Separating mutations by expression significantly enhances PDAC subtyping
In order to determine if mutation expression groups provide insight into prognostic relevance, the Network Based Stratification (NBS)43 pipeline was utilized on both the 19 patient-derived cell lines and 75 TCGA samples. NBS uses a protein-protein interaction network to separate samples into a predefined number of subtypes based on a mutation sample matrix. To quantify the prognostic capabilities of mutation expression groups, a survival log rank statistic -Log10(p-value) was calculated for only the TCGA samples. The log rank statistic p-value was calculated for all possible combinations of mutation expression groups, using 3–8 predefined number of subtypes (Fig. 7a). The combination of mutation expression groups that had the strongest statistical prediction of prognosis was the V-ex and W-ex mutations. This held true regardless of the number of predefined subtypes. These findings further support that both the V-ex and W-ex mutations are relevant to tumor biology and occur within similar neighborhoods of the protein-protein interaction network. Comparatively, N-ex mutations have little influence on the progression of the tumor and appear to be randomly distributed within a protein-protein interaction network. To compare the prognostic prediction of the V-ex and W-ex mutations to gene rankings of popular driver mutation detection methods, we performed a similar NBS analysis on results produced by 2020+, Muffin and OncodriverFM (Fig. 7b). To perform an unbiased comparison between all methods, the same input data was used for each method to produce a ranked list of mutated genes. Then for the NBS analysis, the same number of ranked mutated genes was used to generate a mutation sample matrix (n = 1,349). Compared to each driver mutation detection method, the combination of the V-ex and W-ex mutations provided the best prognostic prediction for each number of predefined subtypes. Thus, these results imply that that similar to Fig. 4f, current driver mutation detection methods report many false positives which contaminate results and affect downstream analyses. However, by separating mutations based on their allelic expression, it was possible to remove a large subset of mutations that appear to have little to no influence on the progression of the tumor and significantly enhance prognosis prediction with an emphasis on mutation data.

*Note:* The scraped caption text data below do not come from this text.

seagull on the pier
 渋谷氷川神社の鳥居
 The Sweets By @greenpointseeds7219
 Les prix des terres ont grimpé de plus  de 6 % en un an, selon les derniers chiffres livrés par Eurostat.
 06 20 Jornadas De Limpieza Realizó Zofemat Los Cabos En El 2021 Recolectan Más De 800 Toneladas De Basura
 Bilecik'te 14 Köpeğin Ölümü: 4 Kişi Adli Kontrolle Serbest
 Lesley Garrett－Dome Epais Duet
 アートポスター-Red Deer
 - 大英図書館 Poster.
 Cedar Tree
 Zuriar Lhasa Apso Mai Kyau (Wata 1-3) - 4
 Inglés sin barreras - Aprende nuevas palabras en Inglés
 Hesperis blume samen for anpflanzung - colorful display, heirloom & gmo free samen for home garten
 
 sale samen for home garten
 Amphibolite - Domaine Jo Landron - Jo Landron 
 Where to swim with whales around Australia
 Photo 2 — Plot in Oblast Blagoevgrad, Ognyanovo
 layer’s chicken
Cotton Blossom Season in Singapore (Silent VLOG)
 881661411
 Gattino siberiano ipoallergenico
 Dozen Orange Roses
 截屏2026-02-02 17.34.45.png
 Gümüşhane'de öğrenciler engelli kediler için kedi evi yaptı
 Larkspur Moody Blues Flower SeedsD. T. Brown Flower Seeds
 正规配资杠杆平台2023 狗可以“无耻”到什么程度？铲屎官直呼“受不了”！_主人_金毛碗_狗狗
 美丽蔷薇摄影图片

Separating mutations by expression enhances PDAC subtyping. (a) The log rank statistic -log10(p-value) based on the NBS results for 75 TCGA samples. The log rank statistic -log10(p-value) was calculated for the NBS results of all pairwise combinations of mutation expression groups from 3–8 number of predefined subtypes. (b) The log rank statistic -log10(p-value) based on the NBS results for 75 TCGA samples using the stratified samples based on results from 2020+, Muffin, OncodriveFM or V-ex and W-ex mutations. (c) Kaplan Meier plot for TCGA samples based on the NBS results using V-ex and W-ex mutations with number of subtypes equal to three. (d) Networks signifying the mutated pathways that are unique to subtype 1 and subtype 2. (e) Cell line drug response data, grouped by identified subtypes and statistical significance via a Wilcoxon Mann Whitney less than test.
The most statistically significant number of stratified subtypes based on the V-ex and W-ex groups was three. The Kaplan-Meier plot generated from this result is shown in Fig. 7c. To determine which genes were unique to the newly established subtypes, a Wilcoxon Mann Whitney greater than test was performed on the NBS gene smooth scores between each two-way comparison of the three subtypes (e.g. subtype 1 vs subtype 2 and subtype 3). After adjusting the p-values using the Benjamini/Yekutieli method44, networks were generated for each subtype using genes that contained an adjusted p-value less than 0.01 (Fig. 7d). Subtype 1 and subtype 2 had uniquely defined networks centered around TP53 and SMAD4, respectively. GO term analysis identified that subtype 1 mutations influence apoptosis pathways, while subtype 2 mutations are involved in cell differentiation pathways. In contrast, samples classified as subtype 3 had only a few statistically significant mutated interactions, and thus a well-structured network could not be generated. Interestingly, the sole mutation of either TP53 or SMAD4 was not sufficient to subtype the samples used in this study (Supplementary Fig. 6). This data supports the use of pathway and MAXX analysis to decipher new prognostic subtypes based on mutation data.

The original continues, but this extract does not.